• _DATA SUPPLIED_
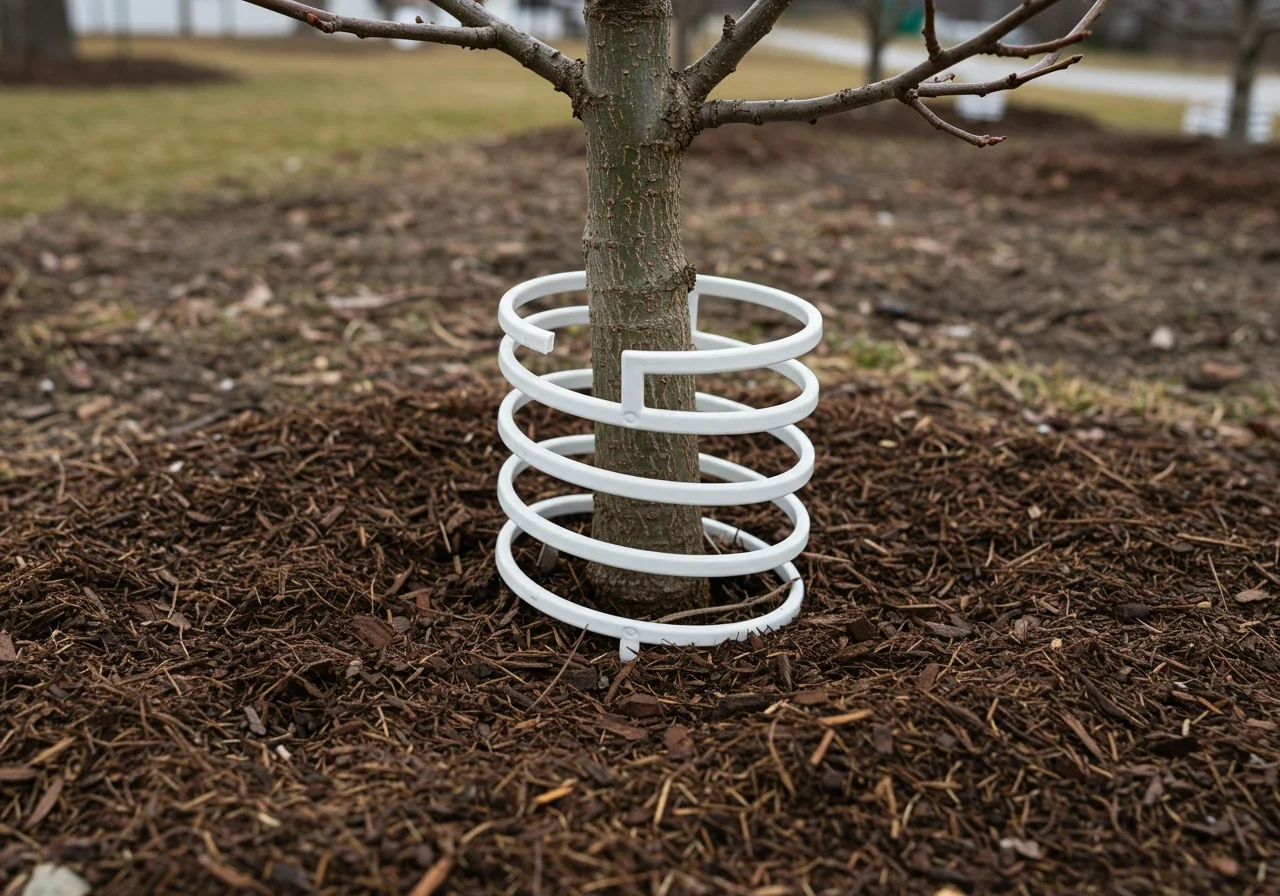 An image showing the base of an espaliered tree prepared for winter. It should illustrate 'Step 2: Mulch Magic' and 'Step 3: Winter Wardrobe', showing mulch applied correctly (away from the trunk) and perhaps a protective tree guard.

---

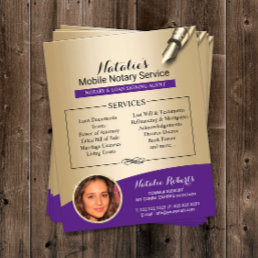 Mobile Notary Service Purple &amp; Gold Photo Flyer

---

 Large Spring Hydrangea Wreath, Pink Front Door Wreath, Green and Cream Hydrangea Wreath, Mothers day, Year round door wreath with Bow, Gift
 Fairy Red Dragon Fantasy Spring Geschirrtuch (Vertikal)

• _DIRECTIONS_
Which lines contain "Spring"? Copy each of them from the listing.

• _THE COMPLETED TASK_
 Large Spring Hydrangea Wreath, Pink Front Door Wreath, Green and Cream Hydrangea Wreath, Mothers day, Year round door wreath with Bow, Gift
 Fairy Red Dragon Fantasy Spring Geschirrtuch (Vertikal)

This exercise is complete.